**ABOUT THIS EXERCISE**
Starting with the line that holds "五一吃瓜网全新上线,登录享受朝阳群众的精彩瓜闻,快来下载! 五一吃瓜网全新上线,登录享受朝阳群众的精彩瓜闻,快来下载!", repeat each line through the last one below, exactly. Pictures stay out.

**DATASET EXCERPT**
********

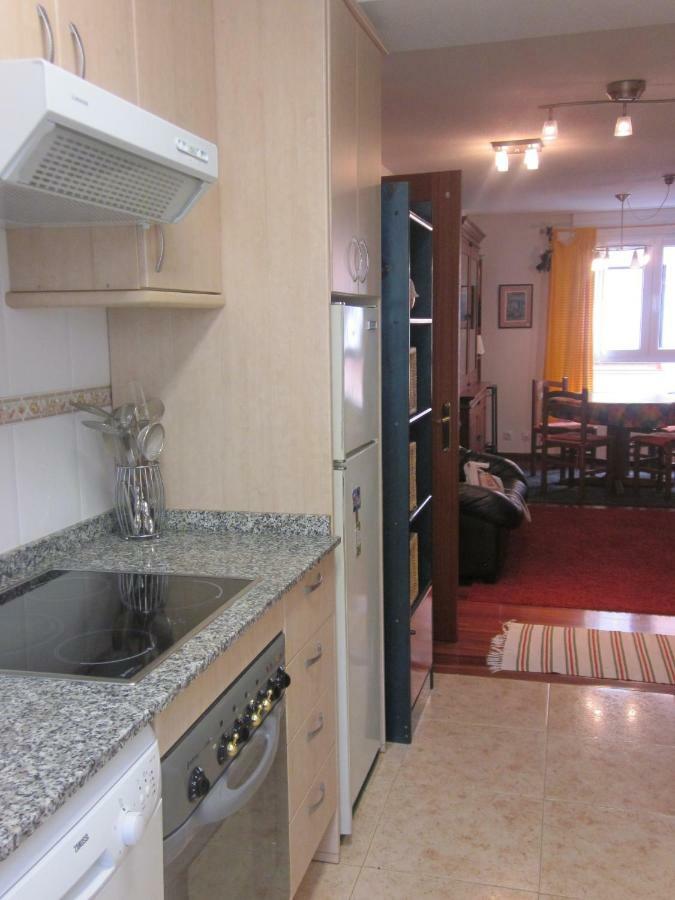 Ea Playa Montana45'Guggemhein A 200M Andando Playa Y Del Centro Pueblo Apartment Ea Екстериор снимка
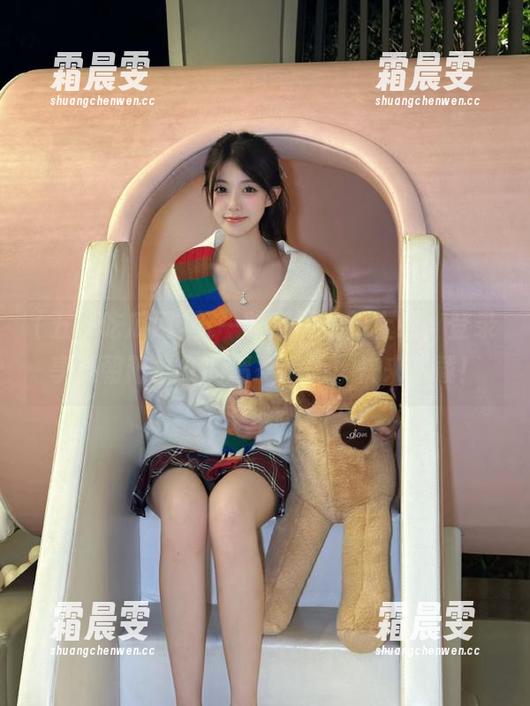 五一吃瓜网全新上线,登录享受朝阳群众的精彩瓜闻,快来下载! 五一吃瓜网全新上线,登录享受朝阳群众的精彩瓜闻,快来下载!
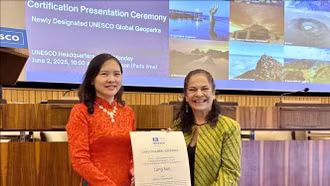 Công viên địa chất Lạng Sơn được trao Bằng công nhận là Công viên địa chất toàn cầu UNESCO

********

**RESULT FOR THIS TASK**
 五一吃瓜网全新上线,登录享受朝阳群众的精彩瓜闻,快来下载! 五一吃瓜网全新上线,登录享受朝阳群众的精彩瓜闻,快来下载!
 Công viên địa chất Lạng Sơn được trao Bằng công nhận là Công viên địa chất toàn cầu UNESCO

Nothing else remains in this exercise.